A pesar de las terribles ideas que Gaby proporcionaba, tuvo el valor de presentar una idea nueva, no cien por ciento original, pero nueva, aunque todas, incluso ella, sabíamos perfectamente que esa idea era otro no instantáneo. Era bastante similar a la de las drogas. Consistía en ir a una fiesta donde de preferencia no conociéramos a la nadie. Era necesario que en esa fiesta hubiera alcohol, así una de las tres se embriagaría hasta no poder más. Durante todo ese tiempo, las dos personas sobrias tenían que capturar perfectamente cada momento, por asqueroso que fuera, para que no se nos escapara nada. Al día siguiente, la persona embriagada debía platicarnos su historia durante la fiesta, su pérdida de memoria y su terrible resaca, mientras las otras dos completaban la historia con lo que ellas observaron cuidadosamente durante la fiesta. Incluso podía ser una persona cercana a nosotras, no necesariamente una de las tres. La idea era prácticamente legal porque el alcohol lo es, pero seguimos siendo menores de edad (excepto Minerva).

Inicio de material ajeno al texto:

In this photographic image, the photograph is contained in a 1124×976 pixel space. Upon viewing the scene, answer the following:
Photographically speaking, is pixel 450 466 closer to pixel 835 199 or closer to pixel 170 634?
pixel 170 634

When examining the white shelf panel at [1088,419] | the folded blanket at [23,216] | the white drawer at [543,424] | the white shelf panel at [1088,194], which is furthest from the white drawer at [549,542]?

Gaby sabía el disgusto de nosotras por las fiestas, sabía que diríamos que no, como lo hicimos en la idea de las drogas. Sin embargo, estábamos sin ideas y pensamos en todas esas veces en las que los maestros nos dicen «ninguna idea es mala». Esta definitivamente era una mala idea, aunque tuvimos peores.

 

VII. Odio

Ninguna idea era aceptada por todas: las de Minerva eran consideradas «aburridas» por los otros miembros del equipo, las de Gaby eran buenas e interesantes, pero demasiado arriesgadas o peligrosas para que nuestros padres las aprobarán o el Tec no nos corriera. A Jessica no le pareció ninguna, a todas les encontró algún inconveniente. Así que decidimos reconsiderar las opciones. Para ello necesitábamos ver qué opiniones teníamos en común, pero era una tarea prácticamente imposible. Después de pensarlo, nos dimos cuenta de que odiamos o, más bien, nos caen mal las mismas personas y, en consecuencia, nos molestan las mismas características-actitudes humanas. Sonaba como una idea fantástica, pues a todas nos molesta la arrogancia, el narcisismo, la presunción, la hipocresía, la ignorancia, la superficialidad y la falsedad; las clases donde nos dicen quiénes debemos ser o cómo pensar. No iba a ser una crónica del odio como tal, sino de las actitudes de nuestros maestros y compañeros que nos sacan de quicio. Pero hablar sobre esto era arriesgado, más si tomábamos en cuenta que algunas de las personas que nos caen mal son nuestros compañeros en la clase de periodismo y no queremos ganarnos el odio de nadie. Aún.

 

VIII. El final de la crónica

Al final no elegimos un tema. Escribimos una historia sobre otra que jamás fue escrita, y quizá nunca lo sea. Somos un equipo disfuncional, pero una democracia a fin de cuentas. Nunca impusimos una tiranía del pensamiento, las ideas de una nunca fueron más importantes que las de otra. Tal vez ese fue el problema, desperdiciamos un montón de ideas brillantes a cambio de seguridad y cordura. No somos periodistas, somos niñas jugando a contar historias. Y a la mitad del juego nos dimos cuenta que, en realidad, estábamos perdiendo.